Dataset excerpts:
——

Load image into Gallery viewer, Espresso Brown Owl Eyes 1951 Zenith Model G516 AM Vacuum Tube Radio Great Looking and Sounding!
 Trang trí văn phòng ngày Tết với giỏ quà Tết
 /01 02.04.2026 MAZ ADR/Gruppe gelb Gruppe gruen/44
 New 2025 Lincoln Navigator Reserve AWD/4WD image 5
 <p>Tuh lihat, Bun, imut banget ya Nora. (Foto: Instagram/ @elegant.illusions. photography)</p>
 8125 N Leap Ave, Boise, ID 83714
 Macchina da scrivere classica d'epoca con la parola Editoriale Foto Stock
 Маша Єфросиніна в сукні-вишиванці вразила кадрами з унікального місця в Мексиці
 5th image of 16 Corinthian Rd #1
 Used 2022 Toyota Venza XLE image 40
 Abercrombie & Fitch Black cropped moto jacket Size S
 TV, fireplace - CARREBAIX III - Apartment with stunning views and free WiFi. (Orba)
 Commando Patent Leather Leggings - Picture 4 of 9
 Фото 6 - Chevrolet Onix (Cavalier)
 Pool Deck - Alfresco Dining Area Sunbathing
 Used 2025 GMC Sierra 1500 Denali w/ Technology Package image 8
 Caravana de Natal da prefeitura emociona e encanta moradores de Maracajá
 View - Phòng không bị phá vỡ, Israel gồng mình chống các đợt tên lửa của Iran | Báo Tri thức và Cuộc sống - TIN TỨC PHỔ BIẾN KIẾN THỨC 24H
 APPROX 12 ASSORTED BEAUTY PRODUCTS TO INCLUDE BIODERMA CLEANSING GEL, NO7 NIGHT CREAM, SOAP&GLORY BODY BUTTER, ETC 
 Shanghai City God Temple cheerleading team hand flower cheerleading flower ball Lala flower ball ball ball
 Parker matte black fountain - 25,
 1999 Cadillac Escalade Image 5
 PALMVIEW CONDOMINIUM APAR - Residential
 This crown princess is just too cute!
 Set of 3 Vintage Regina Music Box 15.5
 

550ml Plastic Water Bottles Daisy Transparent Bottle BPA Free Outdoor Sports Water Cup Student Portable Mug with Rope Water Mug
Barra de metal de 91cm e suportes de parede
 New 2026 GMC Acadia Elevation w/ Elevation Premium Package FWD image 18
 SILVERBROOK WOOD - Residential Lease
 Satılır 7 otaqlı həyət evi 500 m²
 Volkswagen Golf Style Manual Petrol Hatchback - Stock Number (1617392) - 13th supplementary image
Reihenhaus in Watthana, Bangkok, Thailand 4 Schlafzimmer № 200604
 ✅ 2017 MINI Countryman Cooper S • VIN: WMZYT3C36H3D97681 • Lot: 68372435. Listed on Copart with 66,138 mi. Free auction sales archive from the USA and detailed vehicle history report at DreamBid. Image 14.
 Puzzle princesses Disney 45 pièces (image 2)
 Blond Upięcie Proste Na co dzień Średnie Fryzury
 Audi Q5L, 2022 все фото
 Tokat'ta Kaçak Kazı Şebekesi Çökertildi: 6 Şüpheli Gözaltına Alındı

——

◆ Aim of the task
All lines from the one containing "Barra de metal de 91cm e suportes de parede" to the end of the records, both ends included, should be printed exactly and on their own.

◆ Task solution
Barra de metal de 91cm e suportes de parede
 New 2026 GMC Acadia Elevation w/ Elevation Premium Package FWD image 18
 SILVERBROOK WOOD - Residential Lease
 Satılır 7 otaqlı həyət evi 500 m²
 Volkswagen Golf Style Manual Petrol Hatchback - Stock Number (1617392) - 13th supplementary image
Reihenhaus in Watthana, Bangkok, Thailand 4 Schlafzimmer № 200604
 ✅ 2017 MINI Countryman Cooper S • VIN: WMZYT3C36H3D97681 • Lot: 68372435. Listed on Copart with 66,138 mi. Free auction sales archive from the USA and detailed vehicle history report at DreamBid. Image 14.
 Puzzle princesses Disney 45 pièces (image 2)
 Blond Upięcie Proste Na co dzień Średnie Fryzury
 Audi Q5L, 2022 все фото
 Tokat'ta Kaçak Kazı Şebekesi Çökertildi: 6 Şüpheli Gözaltına Alındı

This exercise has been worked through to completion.